A few days back, I made a comment on slashdot regarding the recent discovery that there was once liquid water on mars.

In that post, I made the point that prehaps the discovery of life on another planet might finally kill off religion. Needless to say, I got moderated a troll for that. Slashdot is read by mostly americans and a sizeable proportion of americans are Christian. Making a statement as bold as that is not a clever thing to say in that peer-group.

Religious zealots aside, there was one user's comment which was rather insightful: "Why *do* you want religion to die?"

That's an awfully good question. On closer examination, my comment was wreckless at best. I don't want religion to die. A lot of people get a lot of comfort from the notion of a God and a Heaven. I wouldn't want to take that comfort away. In some respects, I envy them for having that comfort.

I couldn't help but think that the same Islamic or Christian fudementalism of the current and previous centuries was spilling out in that post. The kind of line of thought that goes: "I want you to believe what I believe because I know what's right better than you." - That's clearly a fools logic.

But my wrecklessness aside, The question has prompted my examination into what I believe with regard to the notion of a God.

On the face of things, i'm probably a closed agnostic. In short, I don't think it will ever be possible to to draw a meaningful conclusion to the question of god based on the scientific principle.

I think the notion of a God leads to logical problems.
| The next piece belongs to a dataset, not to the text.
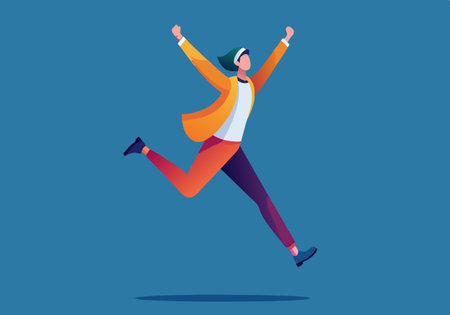 A man in a yellow jacket is jumping in the air. The man is wearing a white shirt and orange pantsのイラスト素材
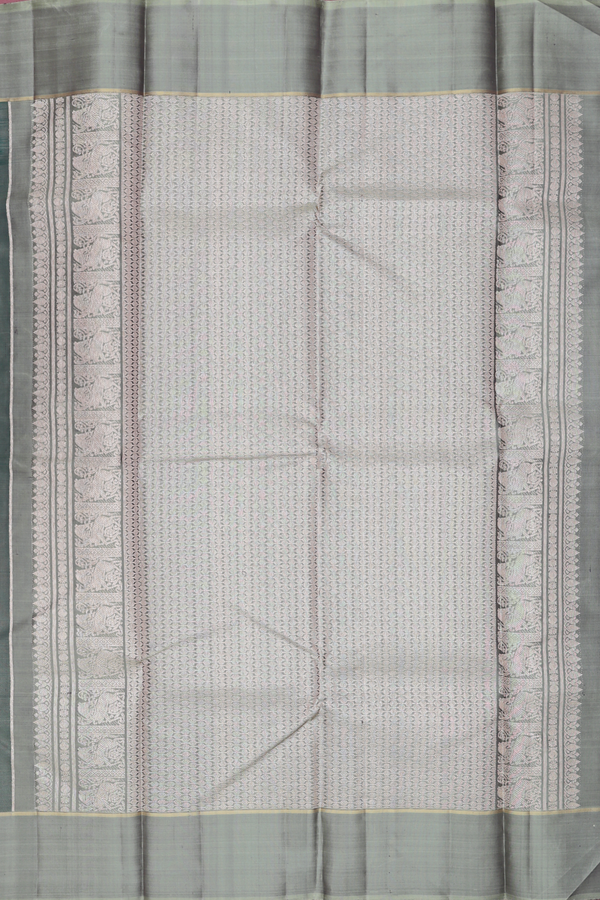 Kanchipuram Silk Saree In Forest Green With Peacock Buttas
Assume there is a God. Who created it? Who created the creature that created God? Who created the creature that created the creature that created god? And so on ad infinitum..

You could counter-argue that god existed before the creation of the universe and has existed forever and so didn't need creating.

This is a problematic line of thought because physics tell us that the concept of time disintegrates as you get very close to the big bang: time and space are not valid tools to measure the universe before 10-43 seconds after the Big bang.

You're forced to conclude that if God exists in our universe, it too must have been created with the Big Bang. I find the infinite creators of God argument abhorrent and so under this banner, I'd conclude that God can't exist in our universe.

So the next natural question is ff God exists outside the universe? If so, it of little consequence to us anyway. The only place that God may have had an impact is in the birth of the universe. I think all are agreed this is an important role but physics doesn't permit God to mess with the universe very much now that it's been set in motion.

People have probably written books on the subject and I am rather ill-informed to do a proper examination of the question.

My opinion, for what it's worth, is that it is probably the ultimate example of Godel's incompleteness and that's why i'm a closed agnostic.